Putting those restrictions in place leaves the Celtics with a very limited salary pool to work from while pursuing potential veteran trades since no one else on the roster next season will make more than $5 million. The Celtics will only be able to take back 125 percent of salary they send out in any deal so adding a high-priced players will be challenging without moving a part of their core.
2020-21 Celtics salaries (Non-core)
Enes Kanter ($5 million – player option)
Daniel Theis ($5 million – non-guaranteed)
Romeo Langford ($3.6 million)
Vincent Poirier ($2.6 million)
Grant Williams ($2.5 million)
Robert Williams ($2.0 million)
Semi Ojeleye ($1.8 million - non-guaranteed)
Carsen Edwards ($1.5 million)
Javonte Green ($1.5 million non-guaranteed)
Factor those salary limitations and there quickly becomes a pretty limited pool of veterans available to inquire on. That pool gets even smaller when any appealing names on playoff teams likely won’t be available for the most Celtics draft assets (these teams aren’t going to be looking to take a step back trade useful rotation pieces for multiple rookies)

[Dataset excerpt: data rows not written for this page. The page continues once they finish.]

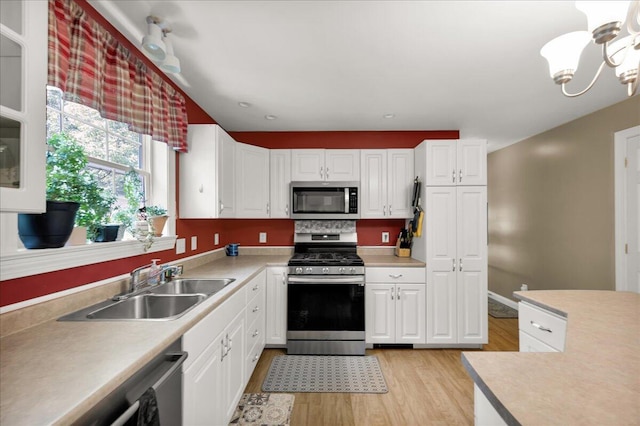 95 The Woods Rd, Union, ME 04862 - kitchen with appliances with stainless steel finishes, light wood-style flooring, light countertops, and white cabinets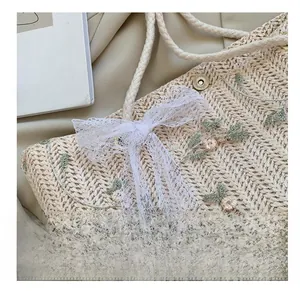 Détail d'un sac en paille tissée avec broderies florales, nœud en dentelle et fermoir métal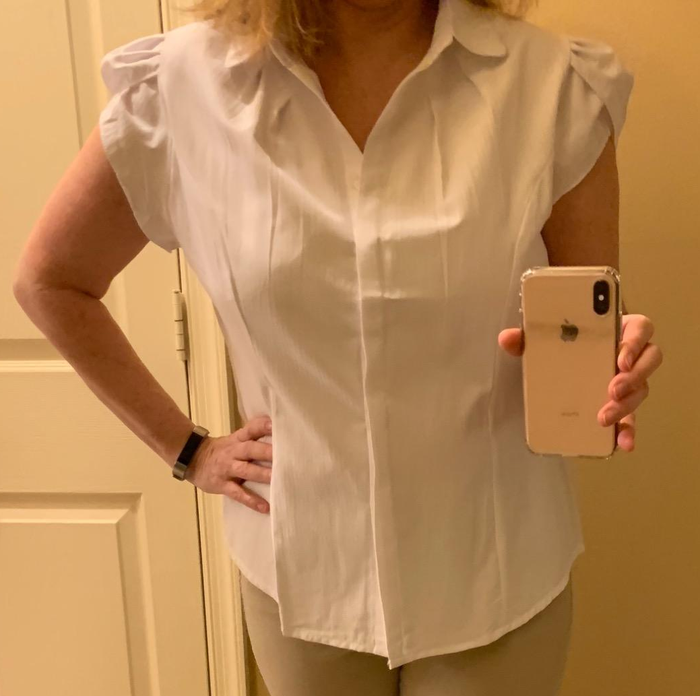 Image of reviewer wearing a white shirt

So are there any veterans on bad or mediocre teams out there that could be worth cashing in some draft picks for? Let’s search out West for more names the Celtics could kick the tires on and whether they would be fits in Green.
JJ Redick, SG
Salary: $13 million (expiring)
Analysis: An aging sharpshooter who still manages to command great respect from opposing defenses after shooting 45.3 percent from 3 last season. He will have a target on his back from a defensive standpoint in the postseason but as good as a floor spacer the Celtics could hope to find this offseason. Would cost at least a first-round pick, plus some matching salary.
Josh Hart, G
Salary: $3.4 million (expiring)
Analysis: He’s only 25 years old so the Pelicans should be in no rush to move him. However, he is in the final year of his rookie deal so a payday is upcoming and New Orleans may be looking to commit financial resources to higher ceiling prospects on their roster. That makes Hart a potential low-cost addition to the bench of any contender. If Celtics give up a lot in a deal for Holiday, Hart is a piece worth pushing for as an added return.
Nemanja Bjelica, PF/C
Salary: $7.1 million (expiring)
Analysis: A 3-point sniper for a big man who shot a career-high 41.9 percent from 3-point range last year while posting 11.5 points per game. He’s a regular season player from the standpoint that his mobility issues will probably force him off the floor in the postseason against speedy bigs or within pick-and-roll coverage. However, if Celtics want to maximize floor spacing, he’s about as good as you are going to do with a big. The defensive limitations will probably keep the C’s from giving up too much for him though.
Richaun Holmes, C
Salary: $5 million (expiring)
Analysis: A breakout performance for the Kings last season earned him the starting center job as he posted career-highs in points (12.3) and rebounds (8.1). He’s a good bang for the buck with his contract but he feels redundant with Rob Williams on the roster as a big who is great rim-runner and shot-blocker but can’t do much else.
Cory Joseph, PG
Salary: $12.6 million (2 years, last year non-guaranteed)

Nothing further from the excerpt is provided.